▶ **WORK TASK**: Take the lines from the one containing "Rocket Appartamento heat" through the end of the material and write them out exactly, omitting pictures.
:: EXERCISE MATERIAL ::
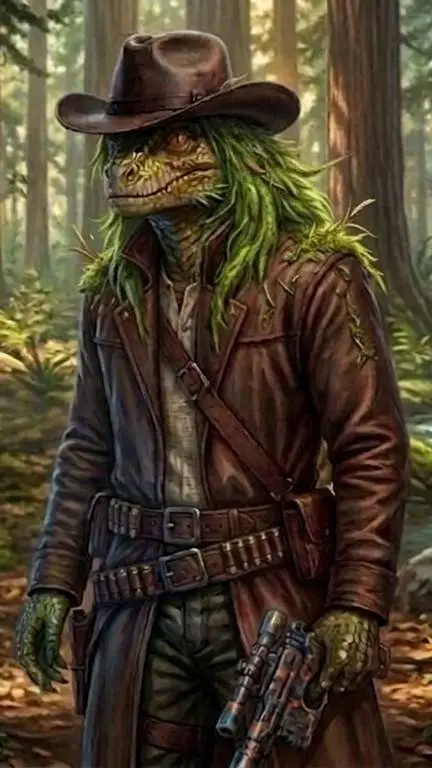 ai character: Heewee Perman  background
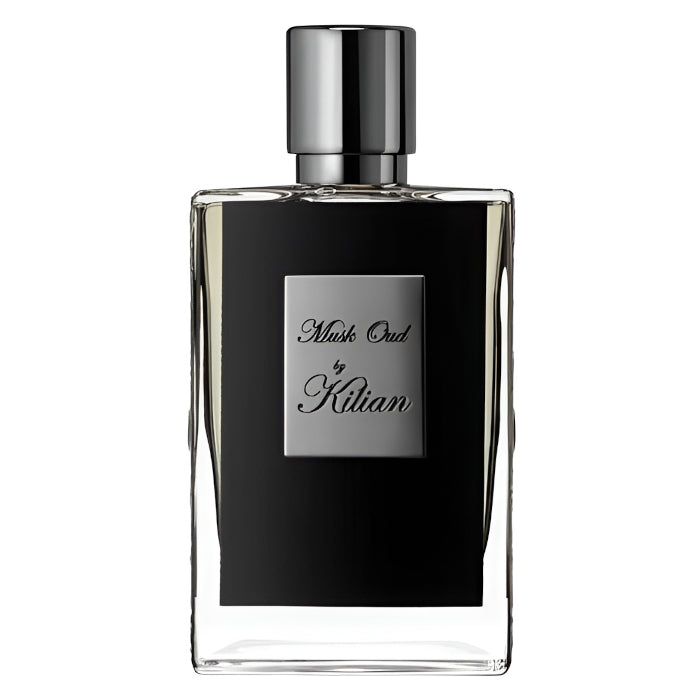 Échantillon de Musk Oud de Kilian par Fragsplit, idéal pour essayer sur la peau ses notes de oud, musc et rose avant d’acheter le flacon.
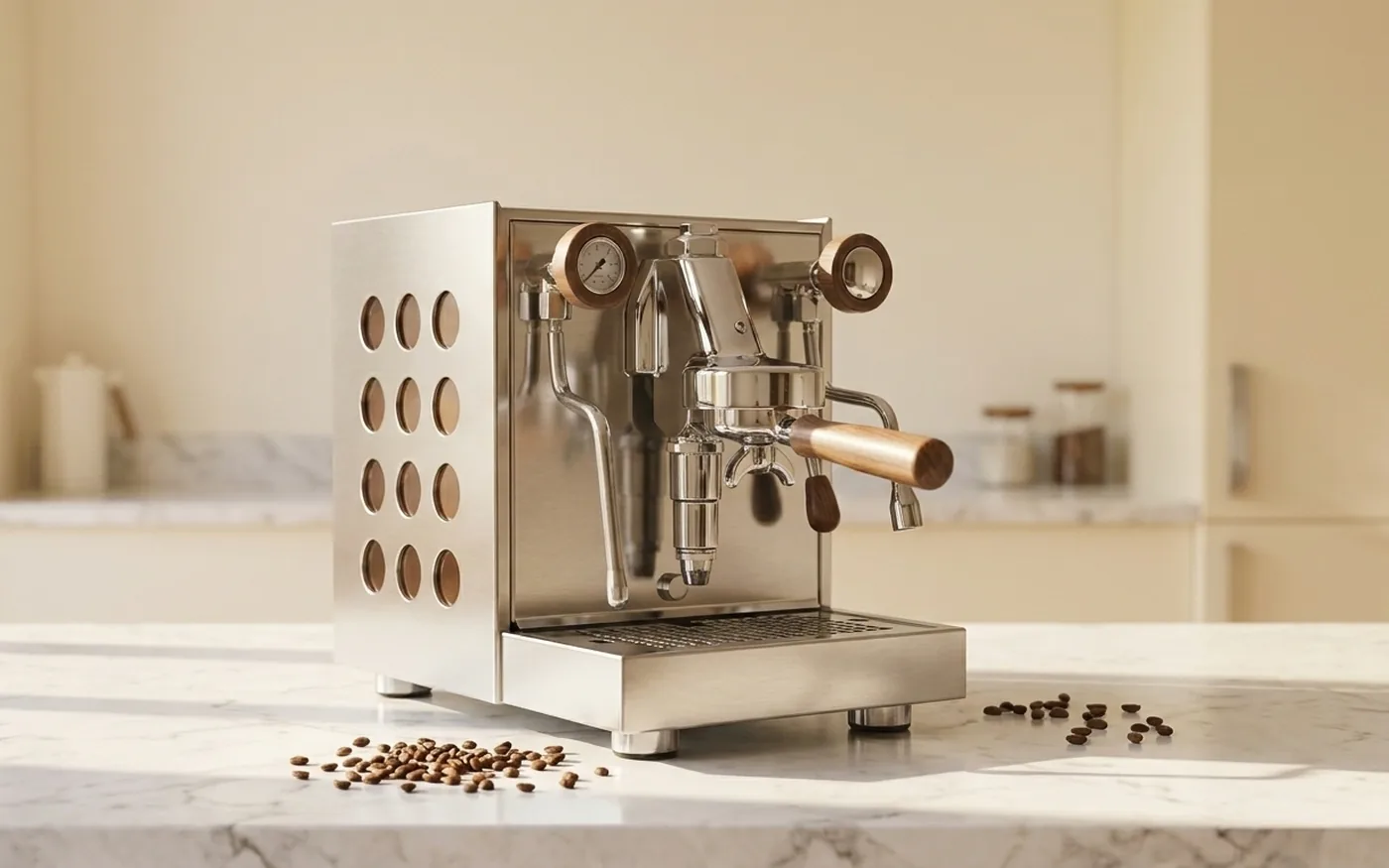 Rocket Appartamento heat exchanger espresso machine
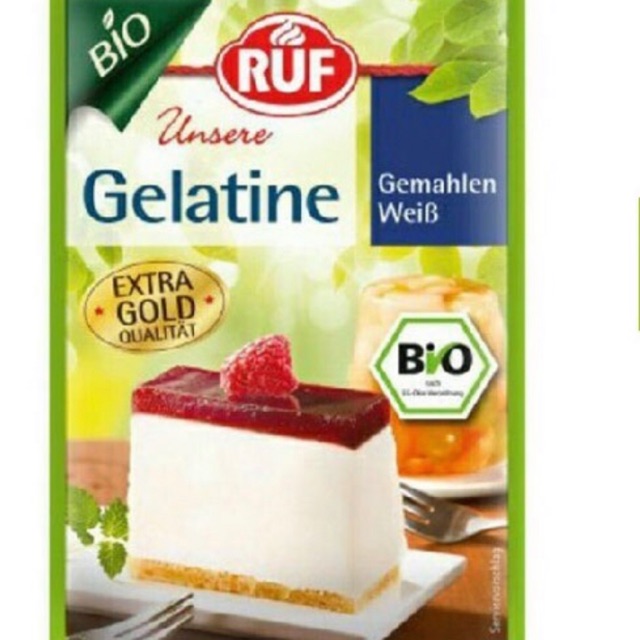 Gelatin hữu cơ Ruf 9gram - Gelatin thường Ewarld 50g dùng thử
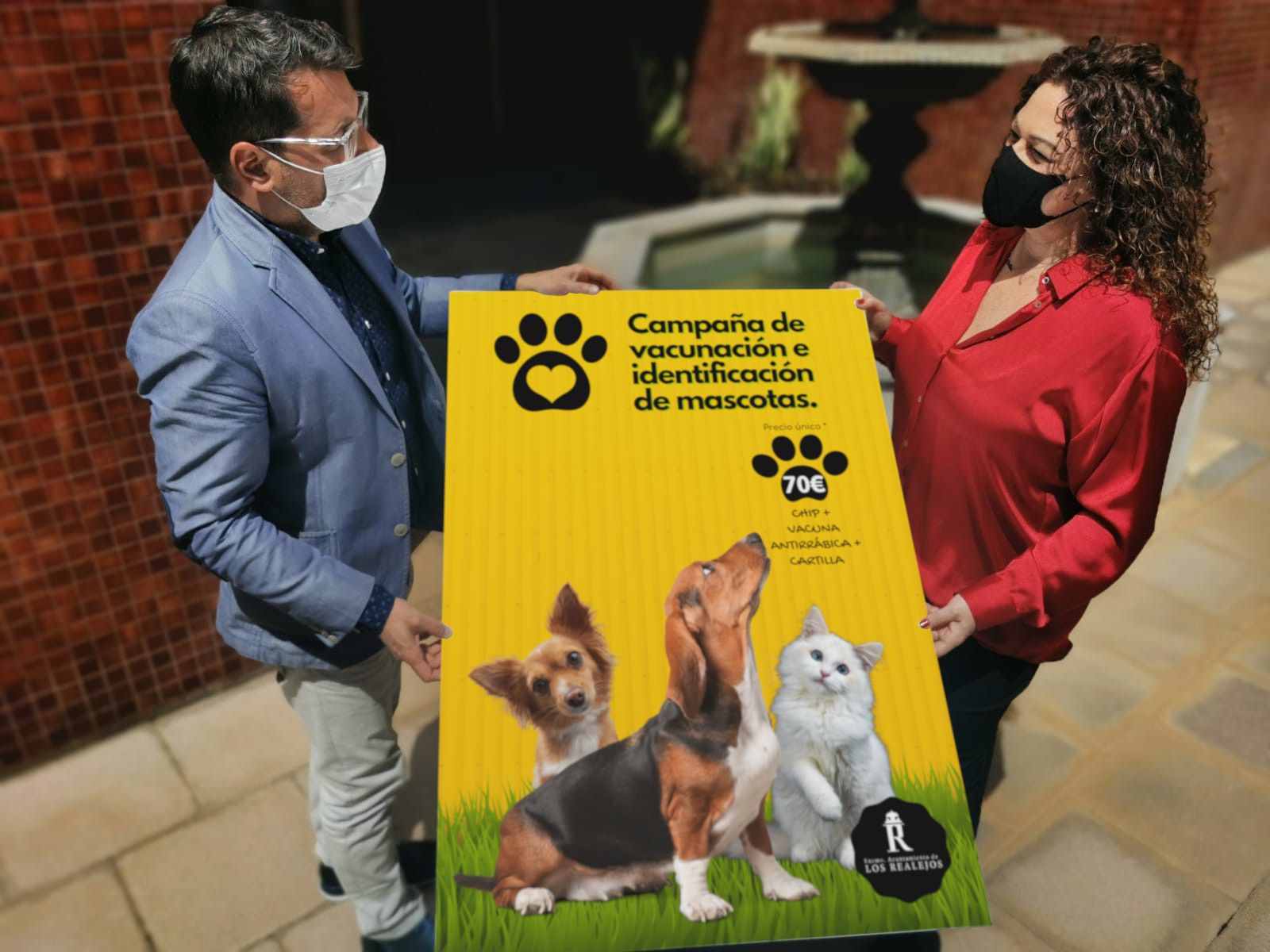 Presentación de la campaña de vacunación e identificación de mascotas en Los Realejos
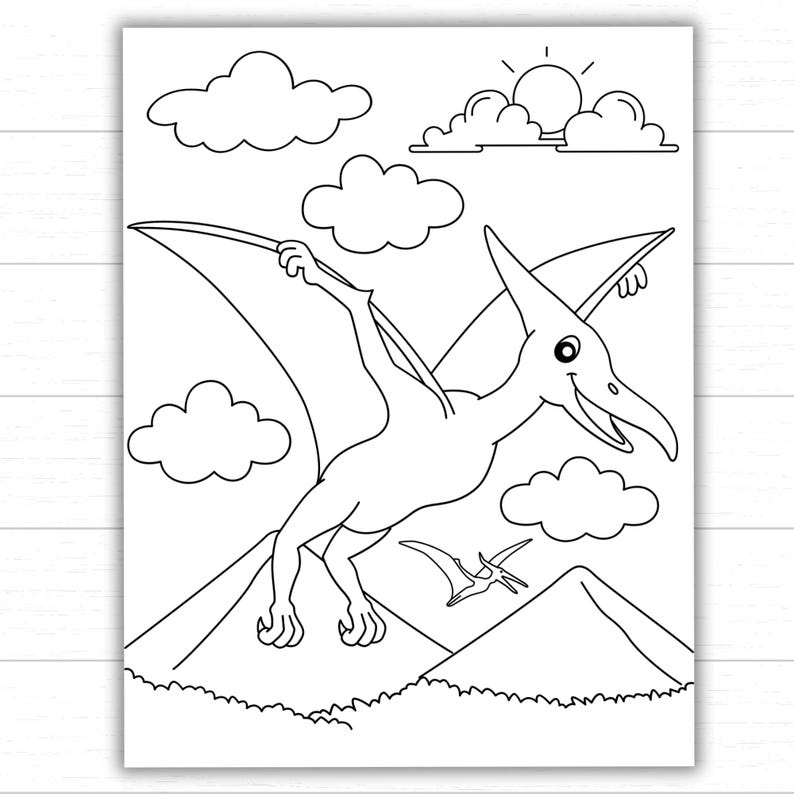 Dinosaur Coloring Pages Printable | Preschool & Kindergarten Activity Pack | Kids Dinosaur Coloring Sheets PDF image 7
:::
▶ **SOLUTION TO THIS PROBLEM**:
 Rocket Appartamento heat exchanger espresso machine
 Gelatin hữu cơ Ruf 9gram - Gelatin thường Ewarld 50g dùng thử
 Presentación de la campaña de vacunación e identificación de mascotas en Los Realejos
 Dinosaur Coloring Pages Printable | Preschool & Kindergarten Activity Pack | Kids Dinosaur Coloring Sheets PDF image 7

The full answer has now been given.